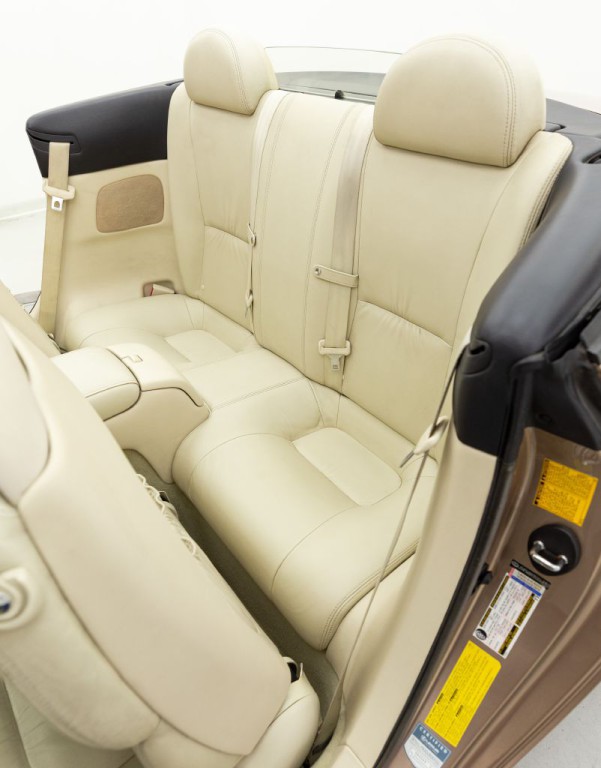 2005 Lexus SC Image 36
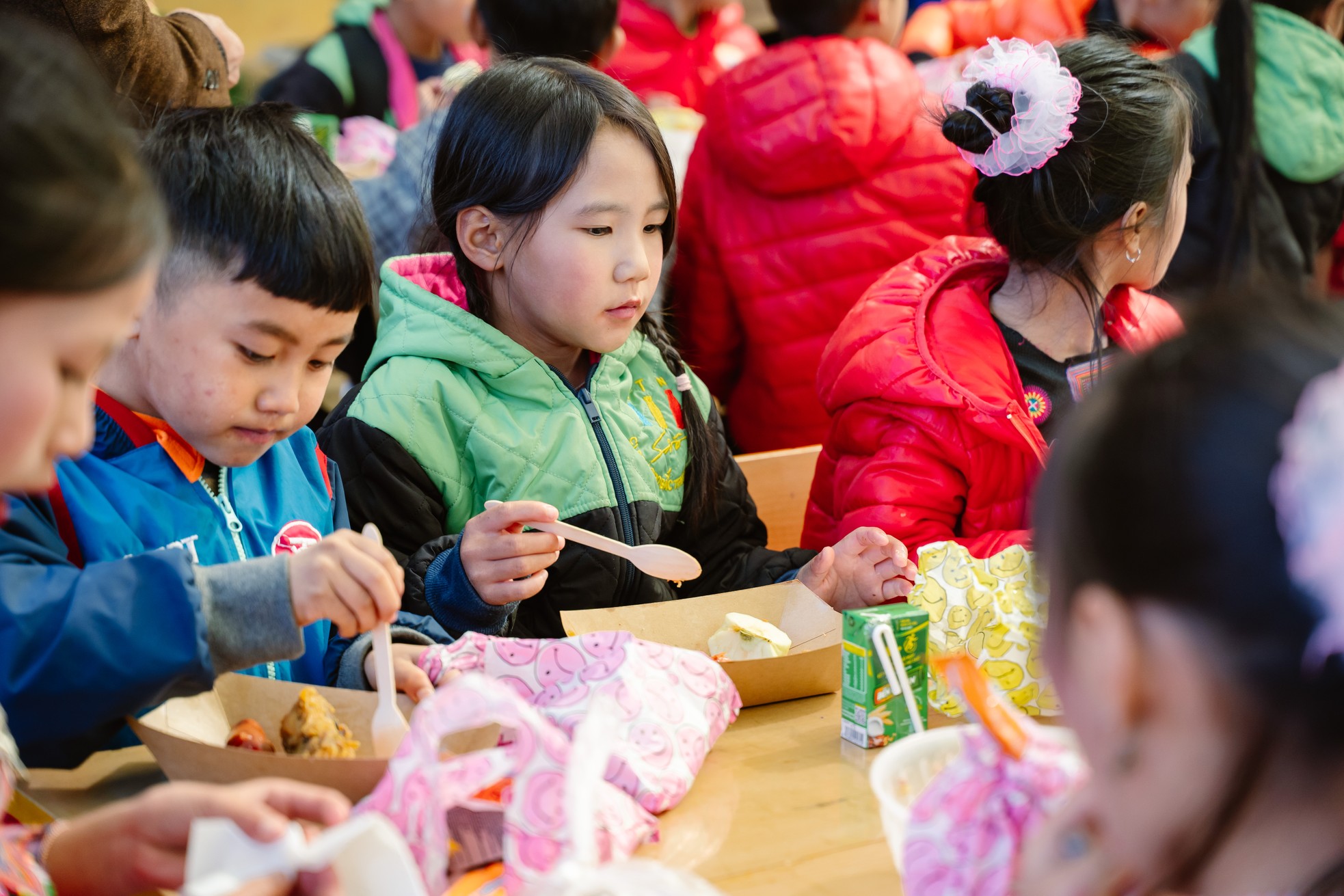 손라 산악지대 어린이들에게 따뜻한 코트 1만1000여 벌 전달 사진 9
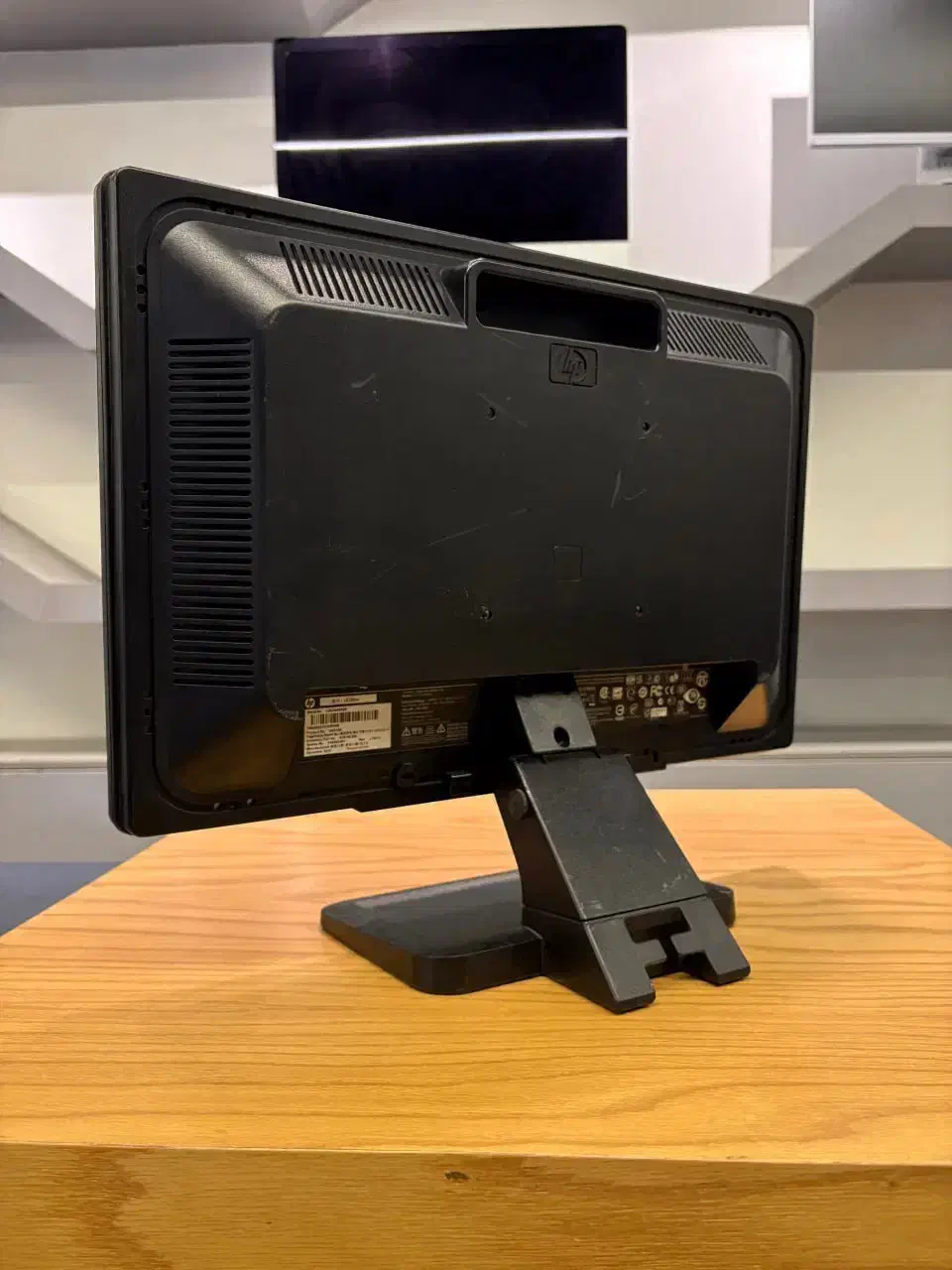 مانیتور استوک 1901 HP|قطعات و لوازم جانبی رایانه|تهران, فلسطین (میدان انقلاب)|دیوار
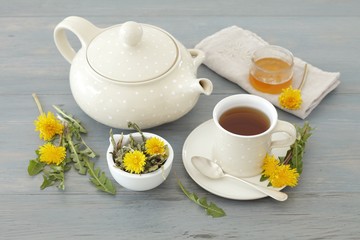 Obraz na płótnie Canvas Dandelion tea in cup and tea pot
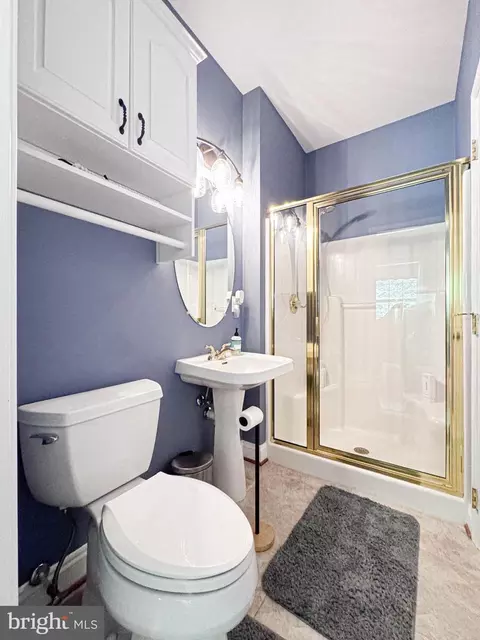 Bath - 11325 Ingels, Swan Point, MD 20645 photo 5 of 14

==

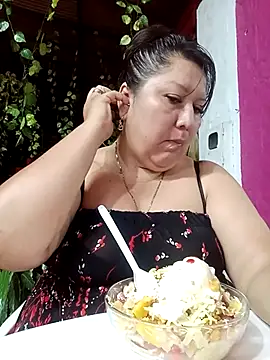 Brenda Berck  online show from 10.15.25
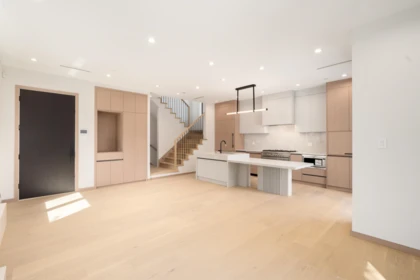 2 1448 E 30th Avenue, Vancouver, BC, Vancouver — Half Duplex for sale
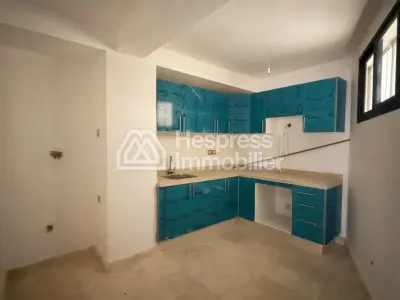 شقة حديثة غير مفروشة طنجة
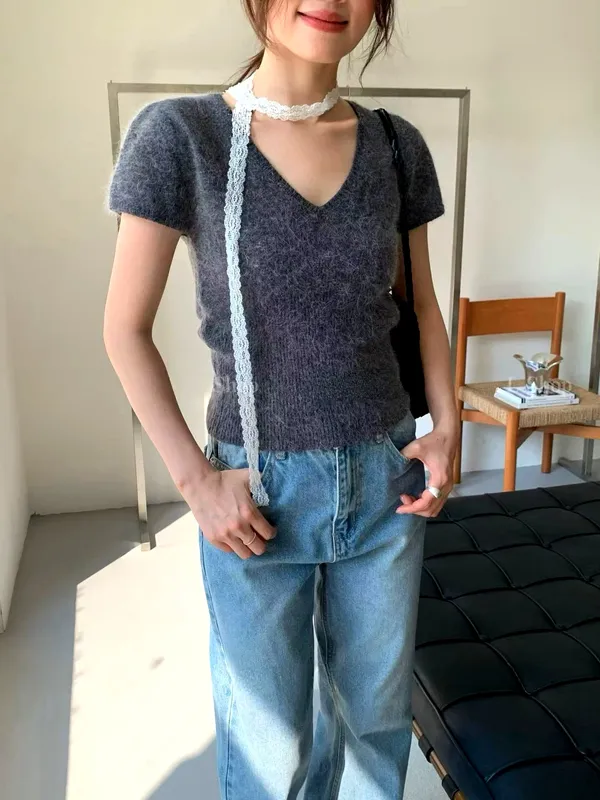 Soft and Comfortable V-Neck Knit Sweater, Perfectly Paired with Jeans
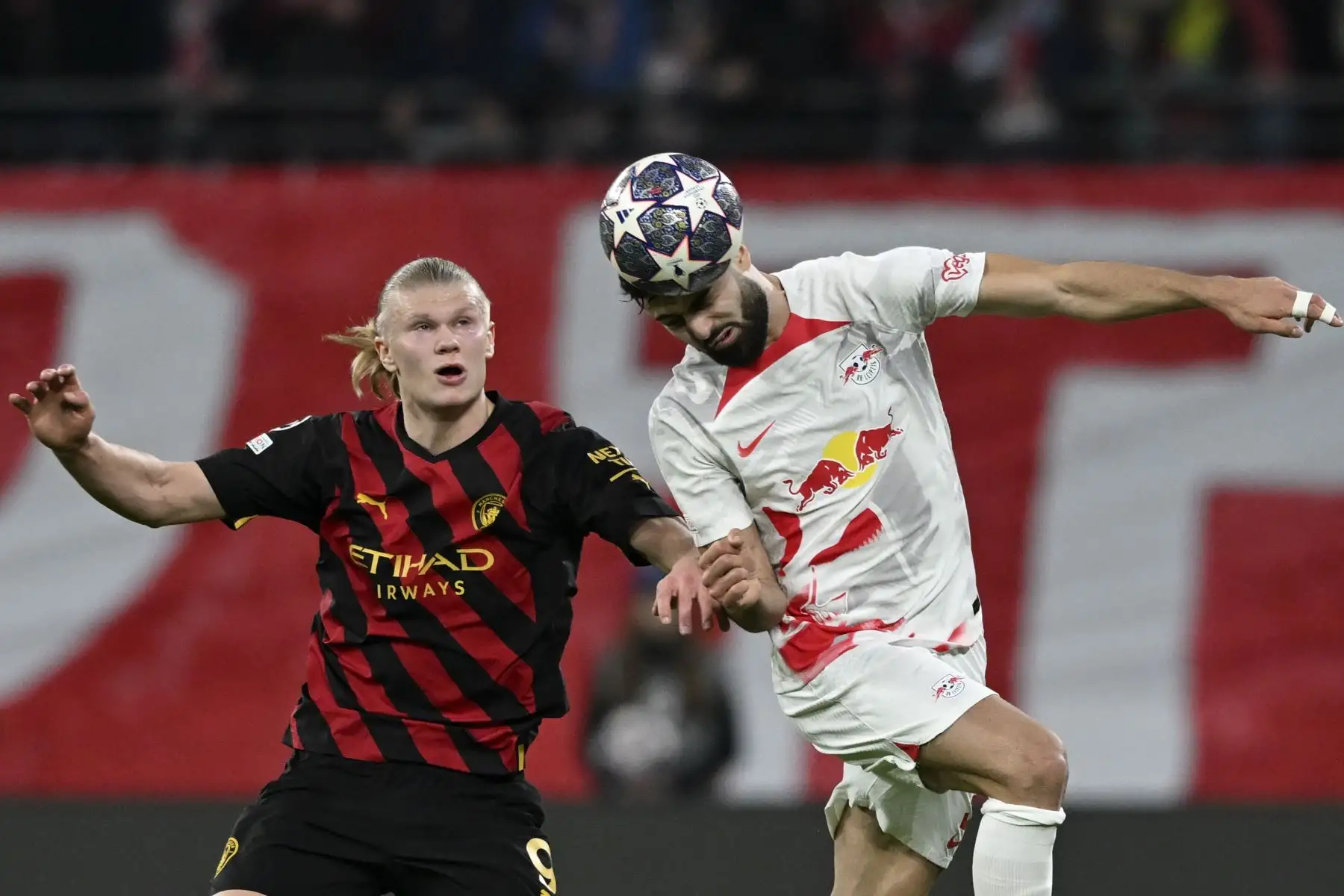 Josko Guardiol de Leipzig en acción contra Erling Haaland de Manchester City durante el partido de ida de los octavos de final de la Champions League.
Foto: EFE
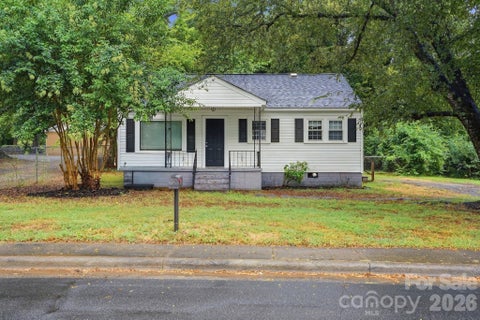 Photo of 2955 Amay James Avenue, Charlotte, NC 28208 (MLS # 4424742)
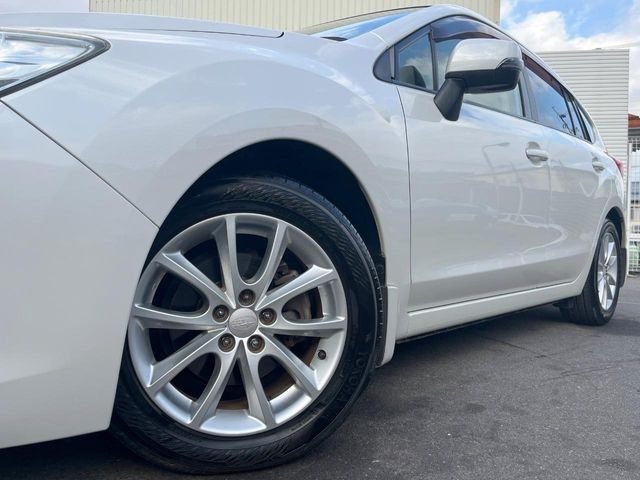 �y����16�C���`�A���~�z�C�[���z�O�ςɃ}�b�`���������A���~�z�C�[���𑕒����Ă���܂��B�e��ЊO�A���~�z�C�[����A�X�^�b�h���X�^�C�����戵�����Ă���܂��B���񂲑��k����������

Task brief:
When you reach the line with "2005 Lexus SC Image 36" in the records above, begin repeating the lines exactly, and stop after the line with "Bath - 11325". Skip all pictures.

Your response:
 2005 Lexus SC Image 36
 손라 산악지대 어린이들에게 따뜻한 코트 1만1000여 벌 전달 사진 9
 مانیتور استوک 1901 HP|قطعات و لوازم جانبی رایانه|تهران, فلسطین (میدان انقلاب)|دیوار
 Obraz na płótnie Canvas Dandelion tea in cup and tea pot
 Bath - 11325 Ingels, Swan Point, MD 20645 photo 5 of 14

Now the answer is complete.